The City of New York wants step into the future and make high-speed, low-cost 5G internet accessible in all five boroughs. Transforming such a densely-populated, fast-paced city into a connected hub of the future will be no easy task, but NYC’s tech companies have proven up for the challenge.
On Wednesday, Mayor de Blasio’s office announced a moonshot challenge to get New York City on the 5G grid. You’ll want to keep your day job even if you have a groundbreaking blueprint tucked away on your hard drive, as three finalists for the challenge have already been announced.
Neutral Connect Networks LLC, Fiberless Networks, and Edge Fibernet are all operating within their wheelhouse, as wireless connectivity is their specialty. Who will come out on top, though, remains to be determined.
Next up in the challenge, these three companies will set up shop on Governor’s Island, where they will attempt to transform their connectivity proposals into reality. The winning company (if there is one) will have their 5G connectivity plan made available to use by all visitors to Governor’s Island in the coming year.
If that stage proves fruitful, who knows? Soon all of New York City could be operating at 5G speeds.

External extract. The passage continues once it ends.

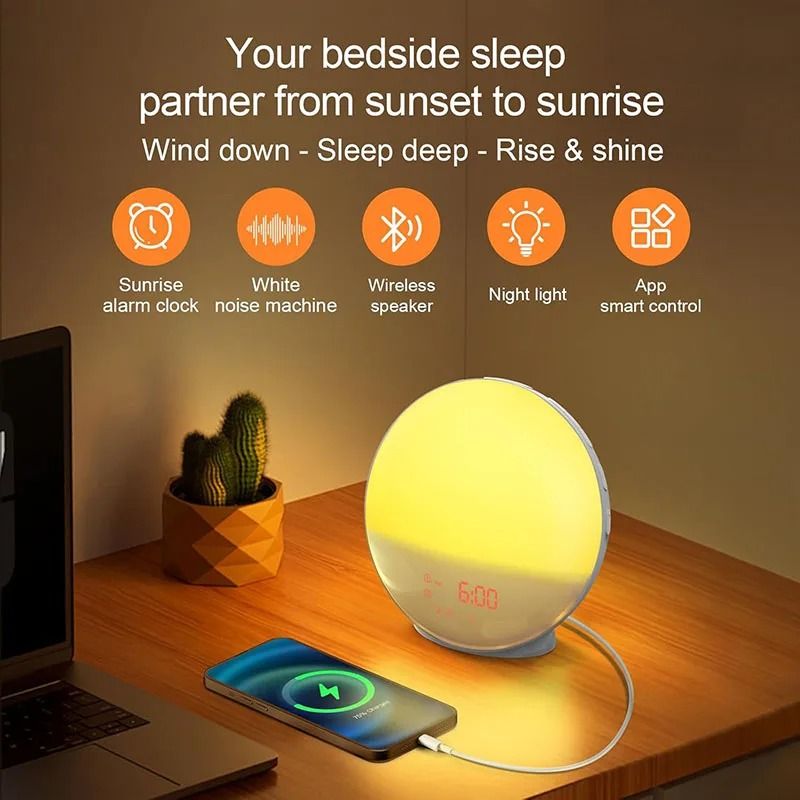 Smart Wake Up Light Bluetooth Alarm Clock With Natural Sounds 3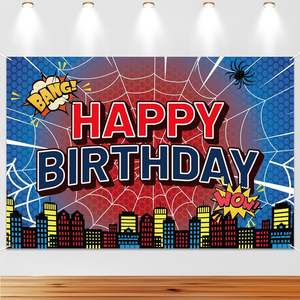 สุขสันต์วันเกิดฉากหลังคอมมิคซิตี้ใยแมงมุมการถ่ายภาพพื้นหลังเด็กชายธีมซูเปอร์ฮีโร่ตกแต่งปาร์ตี้แบนเนอร์ปรับแต่งได้ - Product Image 4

While the success of this challenge could certainly put the city on the map as one of the most tech-friendly municipalities in the world, the Mayor’s office explains that the inspiration for the challenge has a more equitable backbone.
"Internet access is now a critical link to economic opportunity," said James Patchett, New York City Economic Development Corporation president and CEO, in a statement. "This challenge will propel new connectivity solutions into New York City's ecosystem, both improving the experience at Governors Island and moving the needle on equitable high speed internet access for all New Yorkers."
In 2016, the United Nations established that internet access is a human right, and therefore responsible governments should take measures to ensure it is made available to all. New York City has stepped up to the plate in recent years, providing WiFi access in subway stations and through LinkNYC hotspots peppered throughout the city. This latest challenge is simply the next step toward making this right a reality.